Friday, December 10, 2010

Are Charter Schools the New Citizenship Schools?

In urban areas across the U.S. charter schools are being built to directly combat the “failing” public school system. Many schools like Harlem Sucess Academy 2 in Harlem, NY redefine school structure to take more active role in their students success. They require a strict dress code, longer school days, and an extended school year. They encourage teachers to work with students until they understand, even if that means staying until nine o’clock at night. The administrators of these schools irrevocably believe that their students can and will succeed. Many students enter the school feeling the exact opposite; their environment has taught them that only the very minimum is possible and dreaming big is for the rich. Several students come from single parent homes, homes where drugs are very present, gang life, and poverty. These schools in many ways are the only opportunity these kids have ever had to break out from underneath poverty and be a successful part of our society.
Citizenship schools founded by Esau Jenkins in South Carolina the schools worked very similarly to Charter schools, it taught and inspired Black people how to be participatory members of society, despite numerous obstacles. The schools taught illiterate adults how to pass literacy tests to vote, pass driver’s license exams, and open a checking account. The schools were extremely private; they held class in the back of a black grocery store to not be seen by white people. The schools were absolutely necessary. The government was using tools such as literacy tests and various stimulations to refrain from allowing black people to vote. These schools provided a direct solution to their barriers. If black people could pass the test they gained their political in 1954. These schools taught the ticket to how to beat the system without lifting a fist.
Charter Schools and Citizenship school speak to how far we come, and how far we still need to go. Both schools are working to empower blacks to “be greater’ despite their environment. The charter schools teach middle and High schools that college is not an option but a requirement and that poverty is not an excuse for failure. The citizenship schools helped adult’s acquire their most basic freedom, despite a mass of people who would do anything to not let It come to fruition. It some ways it’s sad to think sixty years past the citizenship schools, charter school are still very much needed to raise black people out of poverty and awful circumstances. On the other hand, I am extremely impressed and grateful for those who saw a strong need and worked tirelessly to open a school to challenge the status quo.

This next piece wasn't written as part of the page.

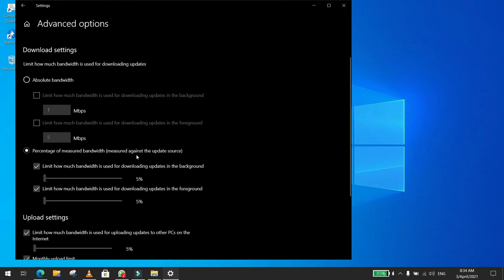What you need to do is click on percent of measured bandwidth, and then you click on limit bandwidth. Limit how much bandwidth is used for downloading updates in the background and set it to the lowest percent, which is 5%, for both options.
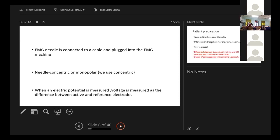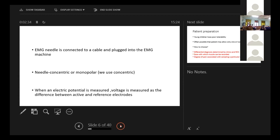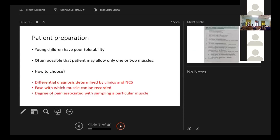We will see in the video, the EMG needle is connected to a cable and plugged into the EMG machine. The needle may be of two types, concentric or monopolar. We use concentric that has got the active and reference electrodes in the same side and actually what is recorded is electric potential, which is a difference between the active and reference electrodes.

Source: The Lottery - a documentery directed by Madeleine Sackler.

1 comment:

  1. It is great that this style of education has come back into circulation. Sometimes all a person needs is somebody to believe in and support them for them to succeed. Teachers in public schools, especially in impoverished neighborhoods, seem to have a jaded attitude towards their students. Hopefully this style of teaching will spread to the areas it is needed most.